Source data
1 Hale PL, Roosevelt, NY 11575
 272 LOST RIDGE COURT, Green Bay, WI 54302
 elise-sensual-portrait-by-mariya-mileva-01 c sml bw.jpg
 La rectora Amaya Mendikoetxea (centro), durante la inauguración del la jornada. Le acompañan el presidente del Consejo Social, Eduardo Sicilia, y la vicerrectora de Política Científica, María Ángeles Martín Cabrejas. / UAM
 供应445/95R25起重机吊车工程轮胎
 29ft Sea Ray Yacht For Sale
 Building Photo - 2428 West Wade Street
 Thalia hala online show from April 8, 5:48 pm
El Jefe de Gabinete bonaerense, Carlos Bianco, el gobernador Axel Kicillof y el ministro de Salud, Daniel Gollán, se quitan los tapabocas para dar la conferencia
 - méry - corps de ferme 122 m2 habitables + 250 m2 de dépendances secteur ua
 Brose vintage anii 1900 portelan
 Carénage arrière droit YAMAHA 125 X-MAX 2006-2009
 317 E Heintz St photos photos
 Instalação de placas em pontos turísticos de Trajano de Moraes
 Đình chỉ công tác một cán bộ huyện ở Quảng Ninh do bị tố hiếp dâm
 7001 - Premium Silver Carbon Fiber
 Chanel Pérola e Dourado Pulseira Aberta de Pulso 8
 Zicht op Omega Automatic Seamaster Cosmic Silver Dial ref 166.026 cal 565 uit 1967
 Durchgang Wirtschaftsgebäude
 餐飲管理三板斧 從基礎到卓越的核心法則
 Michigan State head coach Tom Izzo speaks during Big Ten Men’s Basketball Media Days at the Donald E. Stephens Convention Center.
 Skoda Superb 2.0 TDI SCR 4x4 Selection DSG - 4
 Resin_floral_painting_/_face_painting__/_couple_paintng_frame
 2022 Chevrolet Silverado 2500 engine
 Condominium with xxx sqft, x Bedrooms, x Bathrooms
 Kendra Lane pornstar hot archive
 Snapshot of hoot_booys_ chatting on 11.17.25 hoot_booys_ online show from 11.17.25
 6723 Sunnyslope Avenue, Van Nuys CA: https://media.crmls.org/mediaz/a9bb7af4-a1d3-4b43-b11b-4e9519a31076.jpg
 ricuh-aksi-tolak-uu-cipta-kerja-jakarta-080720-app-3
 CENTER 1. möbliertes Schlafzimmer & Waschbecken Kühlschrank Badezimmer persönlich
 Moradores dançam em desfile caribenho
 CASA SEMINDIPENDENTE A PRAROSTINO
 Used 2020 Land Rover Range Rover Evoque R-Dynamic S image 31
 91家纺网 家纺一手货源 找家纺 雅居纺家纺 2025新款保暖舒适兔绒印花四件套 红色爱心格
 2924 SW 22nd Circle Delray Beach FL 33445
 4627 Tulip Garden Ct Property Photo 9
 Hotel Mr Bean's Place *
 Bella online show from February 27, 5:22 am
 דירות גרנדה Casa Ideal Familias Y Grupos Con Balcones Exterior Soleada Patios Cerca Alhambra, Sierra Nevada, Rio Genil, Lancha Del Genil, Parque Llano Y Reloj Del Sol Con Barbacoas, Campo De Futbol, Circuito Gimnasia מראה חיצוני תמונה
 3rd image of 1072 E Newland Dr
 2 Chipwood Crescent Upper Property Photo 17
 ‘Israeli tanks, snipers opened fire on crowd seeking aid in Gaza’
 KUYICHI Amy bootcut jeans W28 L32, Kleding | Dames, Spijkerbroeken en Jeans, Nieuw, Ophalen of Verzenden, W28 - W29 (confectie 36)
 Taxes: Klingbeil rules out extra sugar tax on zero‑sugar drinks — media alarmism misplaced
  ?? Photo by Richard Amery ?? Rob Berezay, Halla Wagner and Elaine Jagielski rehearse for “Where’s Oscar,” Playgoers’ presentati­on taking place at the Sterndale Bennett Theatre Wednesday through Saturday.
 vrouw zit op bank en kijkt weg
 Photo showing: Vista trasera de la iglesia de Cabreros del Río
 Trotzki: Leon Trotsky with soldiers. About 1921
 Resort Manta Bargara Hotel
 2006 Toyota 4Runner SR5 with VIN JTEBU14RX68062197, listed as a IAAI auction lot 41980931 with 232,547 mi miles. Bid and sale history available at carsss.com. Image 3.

> [Exercise goal]
Report each line of the data in which "from" occurs.

> [Worked solution]
 Thalia hala online show from April 8, 5:48 pm
 Snapshot of hoot_booys_ chatting on 11.17.25 hoot_booys_ online show from 11.17.25
 Bella online show from February 27, 5:22 am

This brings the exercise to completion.